Fed Encourages Bank Speculation that led to Great Recession

Yielding to big pushes by the big banks, and the deregulation mania of the GOP Trump administration, the Federal Reserve Board voted on May 30 to let the financiers, in so many words, speculate in derivatives and other shady financial instruments with Mom and Pop’s pension money – and your paychecks.

And that virtual repeal of the so-called Volcker Rule, a curb Congress enacted in the post-Great Recession Dodd-Frank law in 2010, led top consumer and union leaders to hit the ceiling.

“Repealing the Volcker rule is risky public policy, bad for the economy and puts everyone at risk because banks will surely gamble with other people’s money, just as they have throughout history when rules are relaxed,” said National Consumers League Executive Director Sally Greenberg.

“Banks also complain the Volcker Rule is burdensome. Well,  profits have been soaring: The Federal Deposit Insurance Corp. reported last week that U.S. banks had a record $56 billion in profits in the first quarter of the year.”

"We agree with the Rule’s namesake, Paul Volcker himself, who headed the Fed from 1979-87, who said he welcomed ‘the effort to simplify compliance’ with the rule as long as it does ‘not undermine the core principle’ of prohibiting taxpayer-backed banks from engaging in risky proprietary trading.”

“Risky proprietary trading” is what the financiers, knowing the Fed insures deposits, did from the 2000 Gramm-Rudman deregulation law through the 2008 crash. They took Mom and Pop’s pension money and people’s paychecks and plunged it into derivatives, stock options, swaps and the other risky pieces of paper. The collapse like a house of cards led to the Great Recession and its loss of millions of dollars and people’s homes, jobs and pensions.

Which was AFL-CIO President Richard Trumka’s point, too.

 

“The Volcker Rule prevents Wall Street banks from gambling with taxpayer-backed money. Gutting it would be a huge gift to the big banks, their well-paid lobbyists and substan-tially increase the risk that working people will have to bail out the banks again,” he tweeted.

Ever since Dodd-Frank passed, the banks and their financial friends have lobbied to end the Volcker Rule, which they tried – unsuccessfully – to stop in the wake of the crash. Now, they’ve succeeded, said Marcus Stanley, policy director of Americans for Financial Reform.
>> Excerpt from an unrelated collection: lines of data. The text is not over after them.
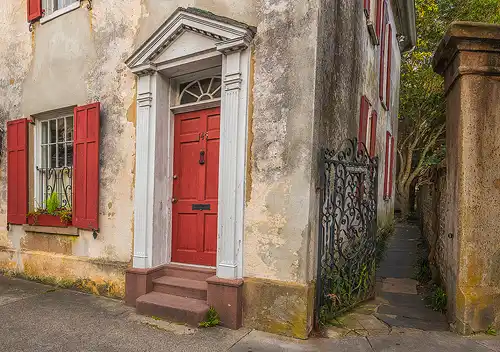 Historic home, red shutters, Charleston. Mottled exterior, gated path. Morning light. Photo by Rick Thompson.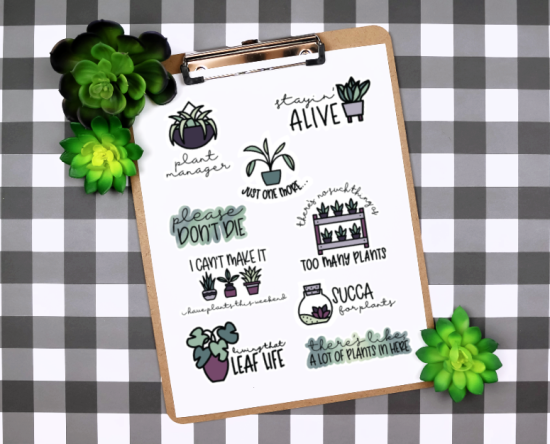 printable plant stickers on a clipboard near succulents
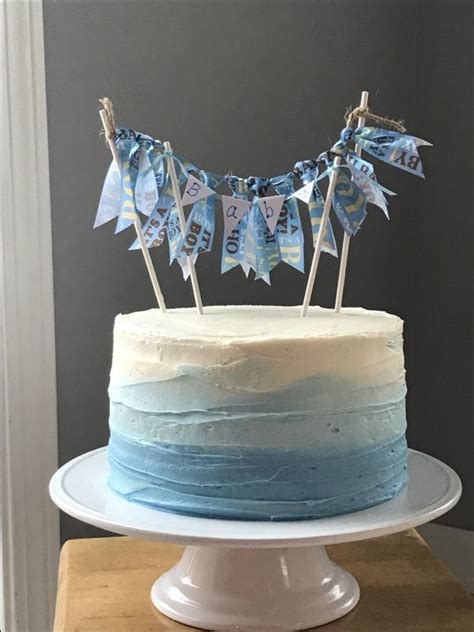 First birthday cakes for boys. Simple boy baby shower cake with blue ombré and double ...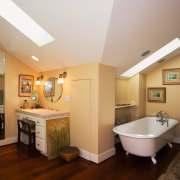 A view of the bathroom, wooden flooring, rugs, bathroom, ceiling, estate, floor, flooring, home, interior design, real estate, room, brown, gray, orange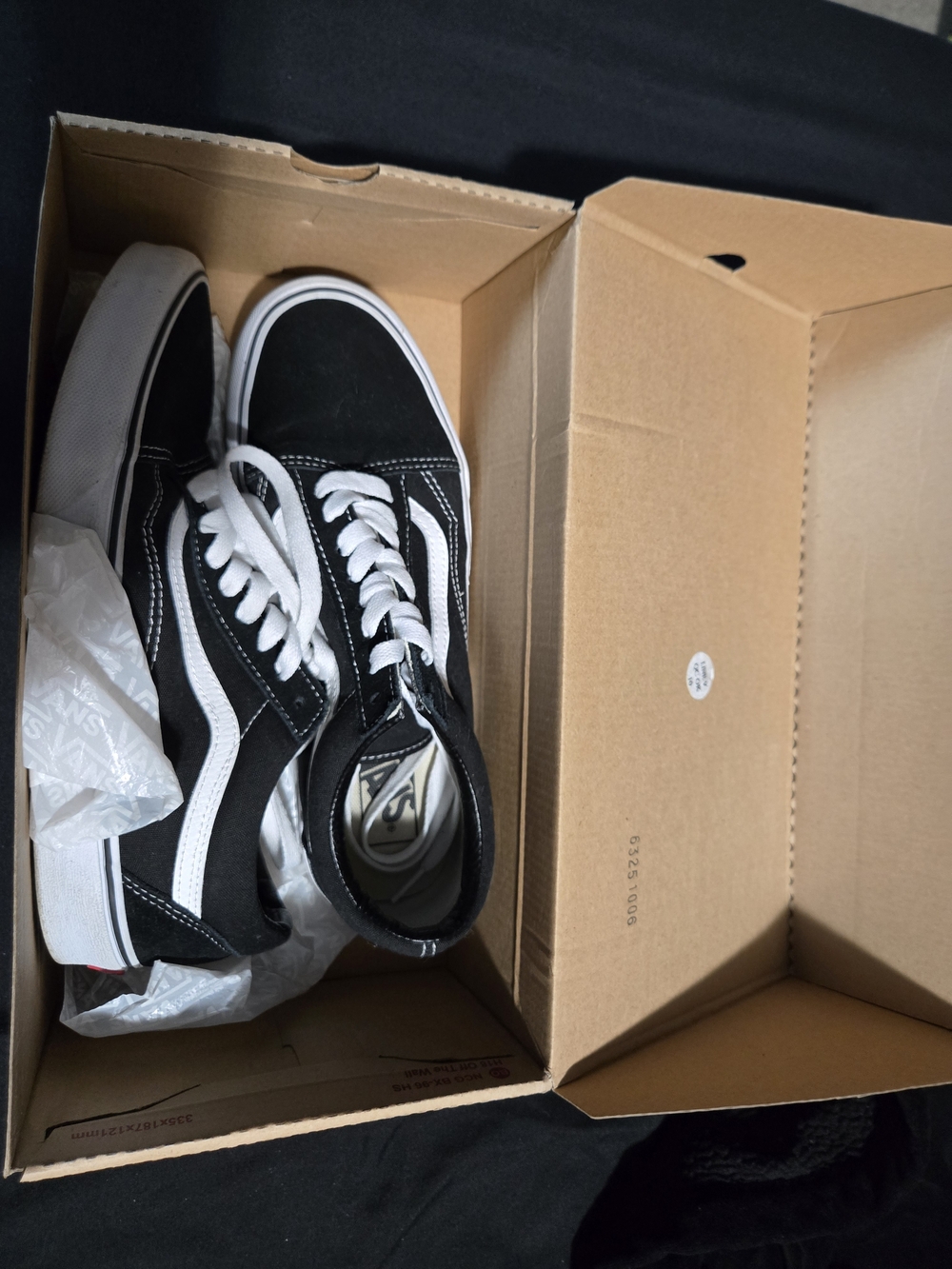 Vans Black and White Low-Top Canvas Sneakers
“This proposal is no minor set of technical tweaks to the Volcker Rule, but an attempt to unravel fundamental elements of the response to the 2008 financial crisis, when banks financed their gambling with taxpayer-insured deposits,” Stanley’s statement said. “If implemented, these proposals could turn the Volcker Rule into a dead letter, a regulation that would not meaningfully restrict trading activities at the banks whose problems could drag down the entire financial system — again.”